The Swazis were a branch of the Zulu race, and their territory bordered the Transvaal to the north-west, and Tongaland and the Delagoa Bay region to the south-east. Its acquisition meant that only Portuguese territory would lie between the Boer country and the great harbor at Lorenzo Marques. But apart from the immense strategic importance of the country--afterwards so strongly realized--it was the duty of the British Government to have in this case withstood the covetous designs of the Transvaal.

[Sidenote: Swazis Appeal to England]

Protected by the terms of the Convention of 1884, when their practical independence was guaranteed, and appreciating the policy by which the infant Boer republics of Stellaland and Goshen had been suppressed in Bechua.n.a.land by the Warren expedition, the Swazis naturally looked to England for support when they found numerous individual Boers settling amongst them and preparing for further and more active aggression. In 1886 and 1887 the Swazi Chief appealed to the British Government for the establishment of a formal protectorate; but was refused on the ground that the Convention of 1884 by guarding their independence practically prevented Great Britain from taking such a step. For years prior to this period the Swazis had been friendly to the British, and had stood by them in war and peace. Promises of consideration were given, but nothing was done. The fact of the matter is that the Afrikander party in Cape Colony wanted to help the Transvaal to a seaport, and from some motive of conciliation, or strange error of judgment, Sir Hercules Robinson shared, or appeared to share, the same sentiment. So far as this point was concerned, the protectorate established over St. Lucia Bay and Tongaland neutralized the evil of the subsequent acquisition of Swaziland by the persistent Boers, but nothing can ever compensate the loyal and friendly Swazis of that time for their apparent desertion through the final refusal of the British Government--after a discussion with a delegation of Chiefs in 1894--to interfere with the action of the Transvaal in claiming full possession of their country. It is only fair, however, to say that the issue had become complicated by extensive and voluntary Swazi grants of land to individual Boers.
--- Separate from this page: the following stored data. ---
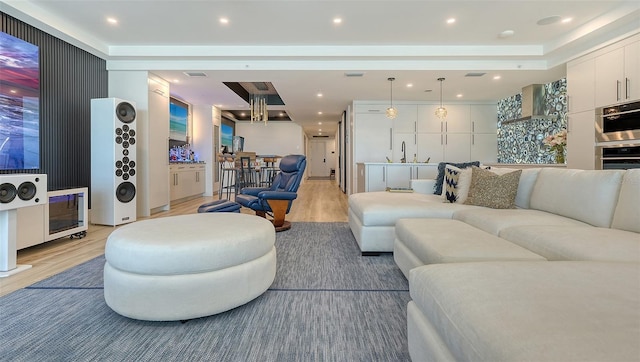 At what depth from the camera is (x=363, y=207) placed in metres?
3.01

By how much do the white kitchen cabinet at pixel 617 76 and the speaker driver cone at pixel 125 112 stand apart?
637cm

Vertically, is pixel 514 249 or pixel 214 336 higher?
pixel 514 249

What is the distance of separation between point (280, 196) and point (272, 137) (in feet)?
27.8

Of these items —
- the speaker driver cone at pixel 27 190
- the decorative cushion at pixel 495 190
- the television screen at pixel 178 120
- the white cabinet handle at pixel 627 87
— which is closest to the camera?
the speaker driver cone at pixel 27 190

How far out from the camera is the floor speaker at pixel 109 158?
412 centimetres

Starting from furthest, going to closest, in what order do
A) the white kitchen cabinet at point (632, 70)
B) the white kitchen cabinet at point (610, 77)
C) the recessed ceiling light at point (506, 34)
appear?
the recessed ceiling light at point (506, 34) → the white kitchen cabinet at point (610, 77) → the white kitchen cabinet at point (632, 70)

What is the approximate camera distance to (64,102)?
407cm

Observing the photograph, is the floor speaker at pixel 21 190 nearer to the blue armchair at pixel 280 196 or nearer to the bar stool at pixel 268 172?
the blue armchair at pixel 280 196

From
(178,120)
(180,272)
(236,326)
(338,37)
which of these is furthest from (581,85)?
(178,120)

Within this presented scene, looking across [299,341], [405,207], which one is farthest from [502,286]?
[405,207]

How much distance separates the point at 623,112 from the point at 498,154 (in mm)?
3923

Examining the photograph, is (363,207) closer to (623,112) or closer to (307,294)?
(307,294)

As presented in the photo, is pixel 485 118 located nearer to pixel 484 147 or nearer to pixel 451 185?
pixel 484 147

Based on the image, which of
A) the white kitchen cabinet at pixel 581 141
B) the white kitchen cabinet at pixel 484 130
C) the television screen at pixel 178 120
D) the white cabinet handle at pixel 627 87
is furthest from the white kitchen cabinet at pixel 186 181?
the white cabinet handle at pixel 627 87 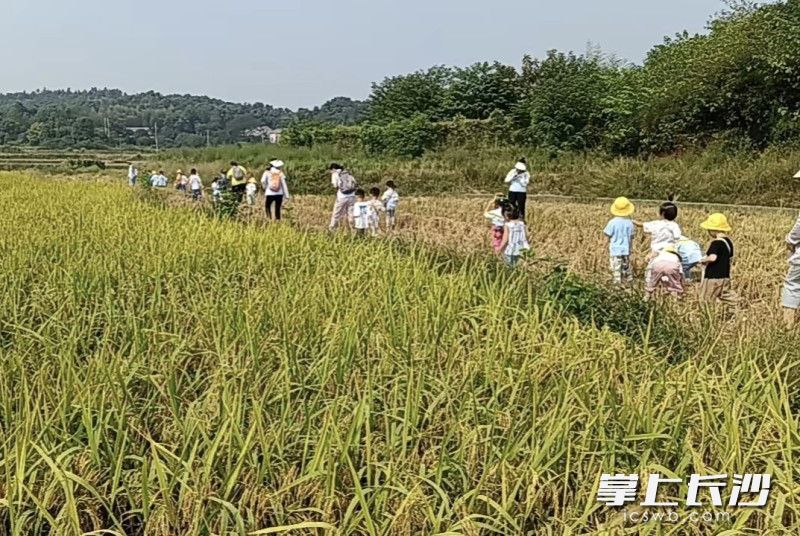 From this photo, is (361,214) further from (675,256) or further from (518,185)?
(675,256)

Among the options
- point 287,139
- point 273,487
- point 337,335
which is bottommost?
point 273,487

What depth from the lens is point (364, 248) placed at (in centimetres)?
560

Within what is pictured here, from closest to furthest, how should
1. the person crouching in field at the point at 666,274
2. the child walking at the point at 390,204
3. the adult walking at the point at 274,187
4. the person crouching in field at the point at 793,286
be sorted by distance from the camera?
1. the person crouching in field at the point at 793,286
2. the person crouching in field at the point at 666,274
3. the adult walking at the point at 274,187
4. the child walking at the point at 390,204

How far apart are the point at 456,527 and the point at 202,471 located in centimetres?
66

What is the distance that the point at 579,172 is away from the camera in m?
17.5

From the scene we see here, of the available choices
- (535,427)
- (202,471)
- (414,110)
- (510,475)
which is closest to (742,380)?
(535,427)

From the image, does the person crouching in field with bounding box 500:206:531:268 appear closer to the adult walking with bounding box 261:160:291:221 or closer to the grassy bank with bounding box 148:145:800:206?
the adult walking with bounding box 261:160:291:221

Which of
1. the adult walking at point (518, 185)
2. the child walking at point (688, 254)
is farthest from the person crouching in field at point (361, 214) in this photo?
the child walking at point (688, 254)

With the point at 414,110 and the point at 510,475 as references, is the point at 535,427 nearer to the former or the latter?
the point at 510,475

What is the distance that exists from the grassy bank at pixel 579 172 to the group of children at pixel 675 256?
8715 millimetres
[Sidenote: Delagoa Bay Decision]

In this connection some reference must be made to the Portuguese territory of this coast, in view of the important international issues since involved. Delagoa Bay is, perhaps, the most important harbor on the east coast of Africa and a vital naval factor in the protection of trade with India and China. The surrounding country is of little value, and in the main a hot-bed of malarial fever. The harbor was claimed for many years by Great Britain under terms of cession from a native chief to an exploring party in 1822. Portugal resisted the claim, and in 1872 the matter was referred to the arbitration of Marshal MacMahon, President of the French Republic. As usual in such cases, the decision was against Great Britain, but with the curious concession of a right to purchase the territory at any time Portugal might desire to sell it, and to the exclusion of the wish of any other Power in the same connection. It is stated that Portugal was actually ready at that time to sell her rights for 60,000;[1] and Lord Carnarvon, British Colonial Secretary in 1874-78, afterwards stated that: "When I succeeded to office I had reason to think that the offer of a moderate sum might have purchased that which a very large amount now could not compa.s.s. Unfortunately _the means were not forthcoming_, the opportunity was lost, and such opportunities in politics do not often recur." The inference from this statement is that the Chancellor of the Exchequer--Sir Stafford Northcote--was the obstacle. If so, and in the light of the many millions sterling which Great Britain in 1900 would give for this bit of territory, his name certainly merits recollection.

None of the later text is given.